Material provided: Begin
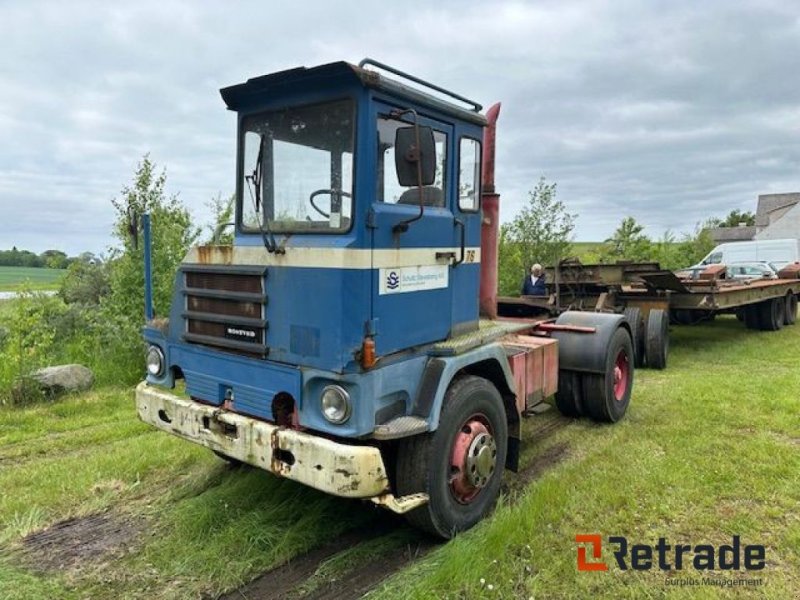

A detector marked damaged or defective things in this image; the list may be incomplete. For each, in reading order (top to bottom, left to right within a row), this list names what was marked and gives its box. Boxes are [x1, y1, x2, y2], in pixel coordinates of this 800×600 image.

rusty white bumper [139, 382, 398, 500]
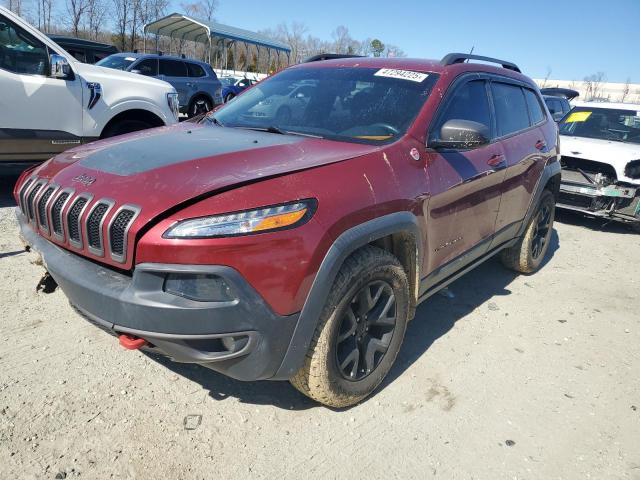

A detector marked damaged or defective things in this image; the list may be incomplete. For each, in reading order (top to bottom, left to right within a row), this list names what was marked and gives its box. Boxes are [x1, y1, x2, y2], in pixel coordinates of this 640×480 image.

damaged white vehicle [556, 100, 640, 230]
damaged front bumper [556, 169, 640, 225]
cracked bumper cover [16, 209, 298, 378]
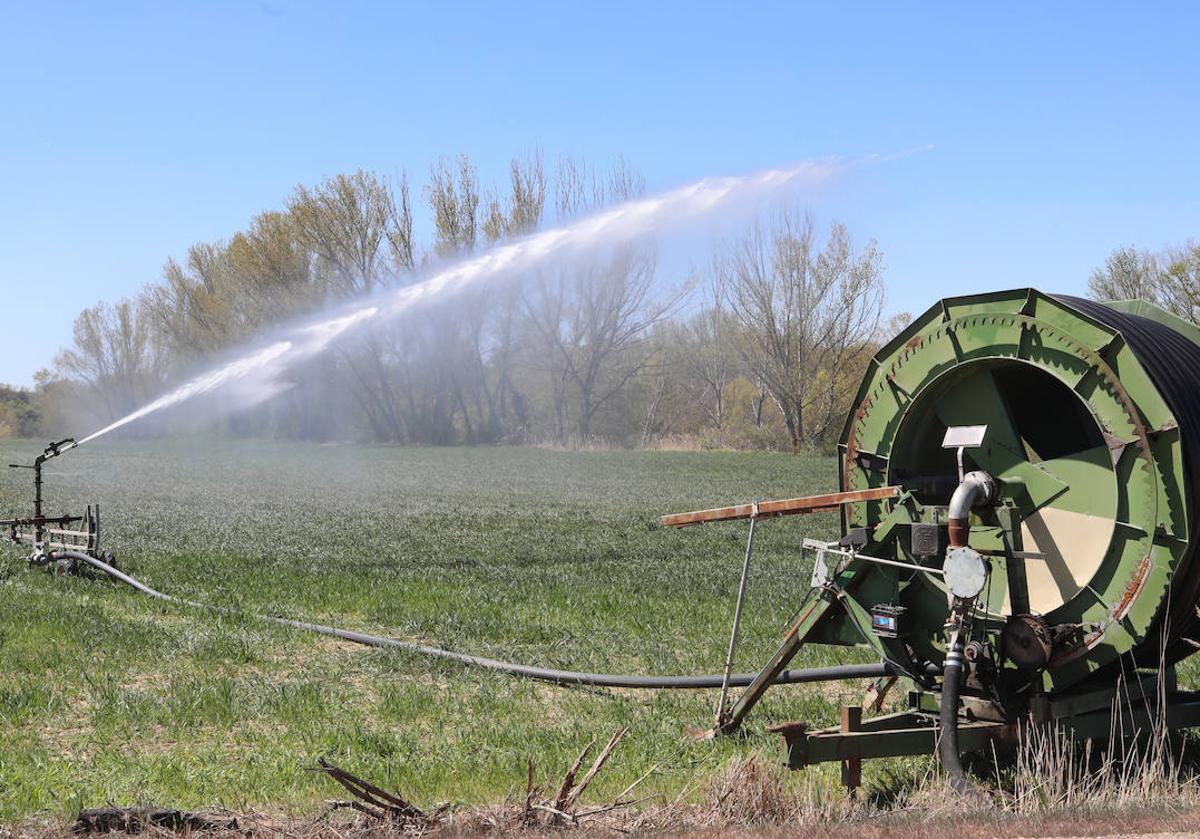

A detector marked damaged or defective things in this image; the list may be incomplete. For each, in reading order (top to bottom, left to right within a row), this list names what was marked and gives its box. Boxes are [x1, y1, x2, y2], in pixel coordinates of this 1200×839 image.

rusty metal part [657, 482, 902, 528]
Material provided: End
Task description:
Exactly as they appear above, give the records again, without their pictures.

Written solution:
A detector marked damaged or defective things in this image; the list may be incomplete. For each, in reading order (top to bottom, left to right within a row), this list names what was marked and gives its box. Boxes are [x1, y1, x2, y2], in pixel coordinates of this 800×600 image.

rusty white bumper [139, 382, 398, 500]

A detector marked damaged or defective things in this image; the list may be incomplete. For each, in reading order (top to bottom, left to right within a row), this list names what was marked and gives its box. Boxes are [x1, y1, x2, y2], in pixel coordinates of this 640×480 image.

damaged white vehicle [556, 100, 640, 230]
damaged front bumper [556, 169, 640, 225]
cracked bumper cover [16, 209, 298, 378]

A detector marked damaged or defective things in this image; the list may be incomplete. For each, in reading order (top to bottom, left to right within a row), this list names what was marked and gives its box. Boxes are [x1, y1, x2, y2], in pixel coordinates of this 1200×839 image.

rusty metal part [657, 482, 902, 528]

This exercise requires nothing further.